▶ **Your instructions**:
Begin at the line that holds "Chardonnay Sicilia DOC" and copy each line exactly until the data below ends, including that last line but no pictures.

[Collected data entries]
◆ ◆ ◆ ◆ ◆
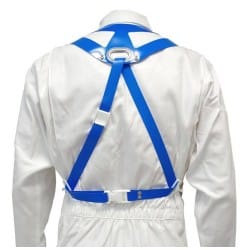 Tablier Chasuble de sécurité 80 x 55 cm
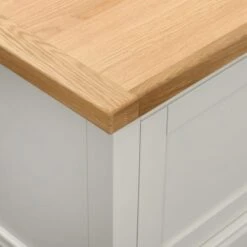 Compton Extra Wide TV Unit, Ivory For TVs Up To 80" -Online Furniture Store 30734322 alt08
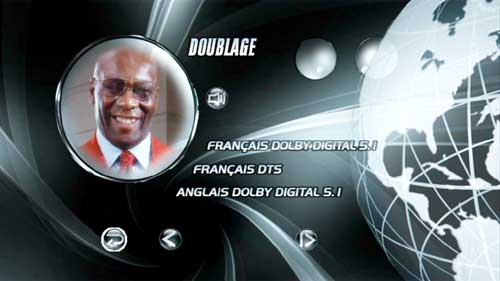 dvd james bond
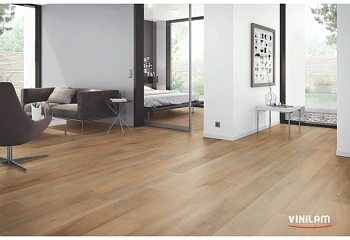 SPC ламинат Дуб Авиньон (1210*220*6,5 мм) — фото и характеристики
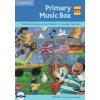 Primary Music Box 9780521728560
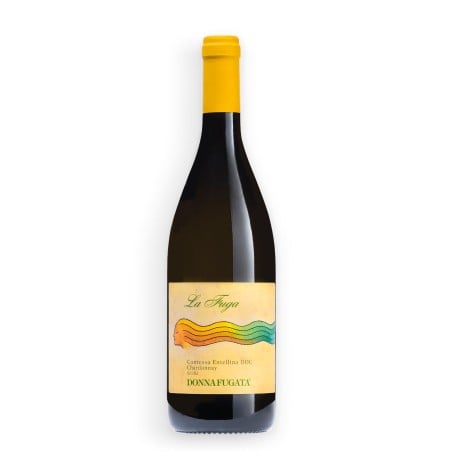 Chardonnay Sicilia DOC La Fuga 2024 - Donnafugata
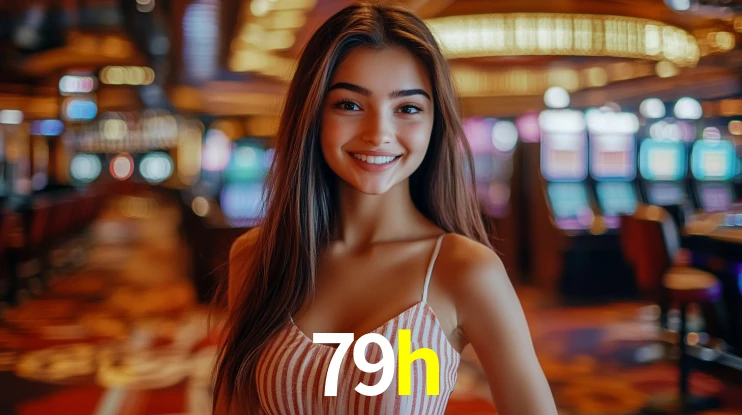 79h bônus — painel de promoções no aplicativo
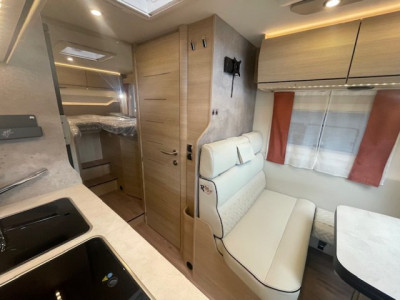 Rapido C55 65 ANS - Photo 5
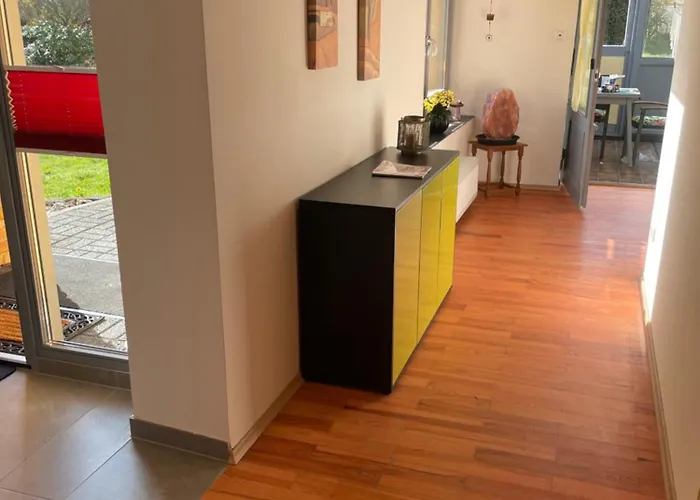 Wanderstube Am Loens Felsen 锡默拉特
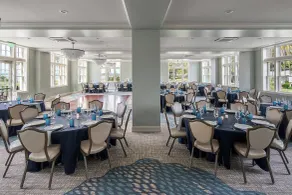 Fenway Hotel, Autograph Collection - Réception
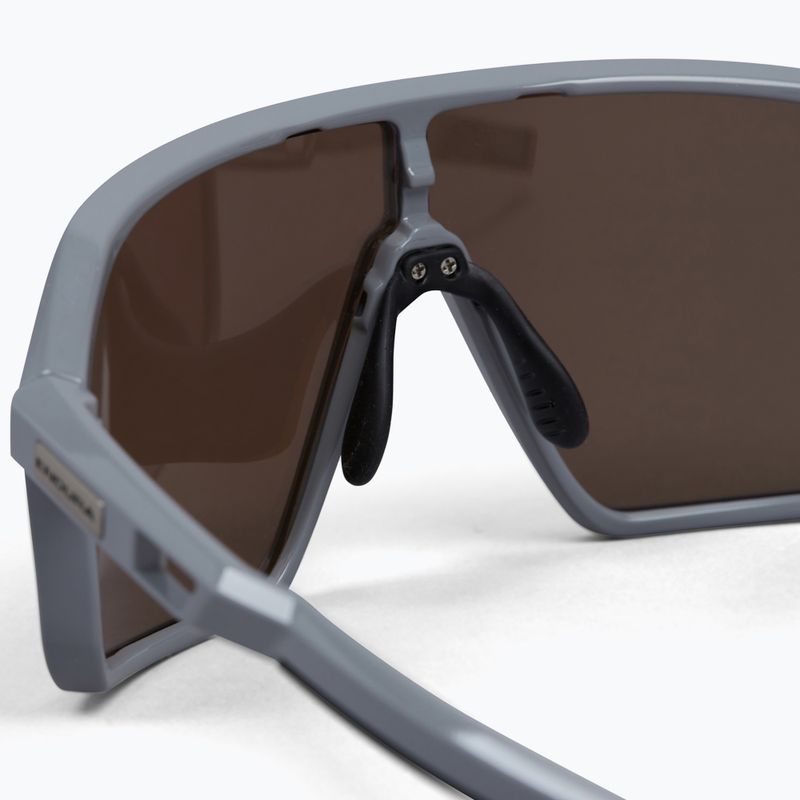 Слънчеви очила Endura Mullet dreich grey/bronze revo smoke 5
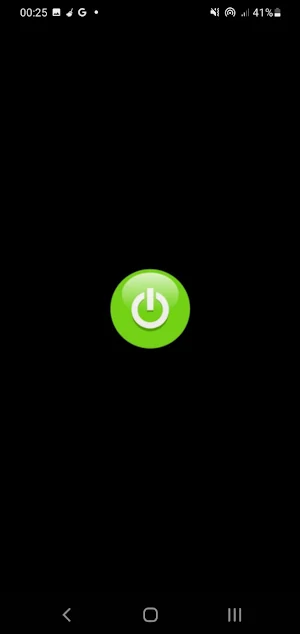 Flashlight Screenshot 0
◆ ◆ ◆ ◆ ◆
▶ **Output**:
 Chardonnay Sicilia DOC La Fuga 2024 - Donnafugata
 79h bônus — painel de promoções no aplicativo
 Rapido C55 65 ANS - Photo 5
 Wanderstube Am Loens Felsen 锡默拉特
 Fenway Hotel, Autograph Collection - Réception
 Слънчеви очила Endura Mullet dreich grey/bronze revo smoke 5
 Flashlight Screenshot 0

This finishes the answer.